* [Exercise instructions] The full listing, exactly as written and with no images, is the expected output.

* [Collected data]
◆ ◆ ◆

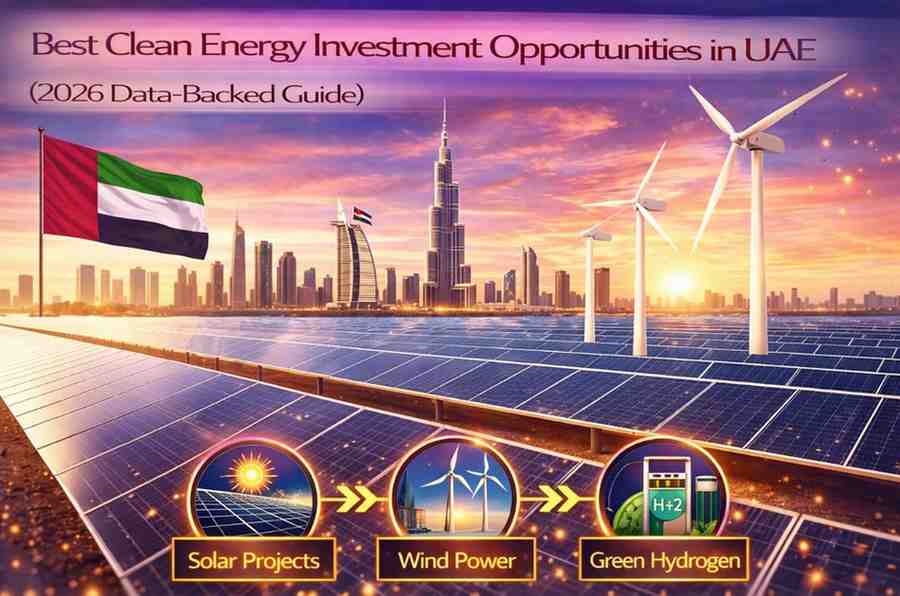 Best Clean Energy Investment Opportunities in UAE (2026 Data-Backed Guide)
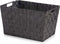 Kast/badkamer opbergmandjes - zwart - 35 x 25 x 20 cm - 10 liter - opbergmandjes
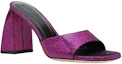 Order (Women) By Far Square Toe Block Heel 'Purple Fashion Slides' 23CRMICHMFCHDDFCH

◆ ◆ ◆

* [Reply to the exercise]
 Best Clean Energy Investment Opportunities in UAE (2026 Data-Backed Guide)
 Kast/badkamer opbergmandjes - zwart - 35 x 25 x 20 cm - 10 liter - opbergmandjes
 Order (Women) By Far Square Toe Block Heel 'Purple Fashion Slides' 23CRMICHMFCHDDFCH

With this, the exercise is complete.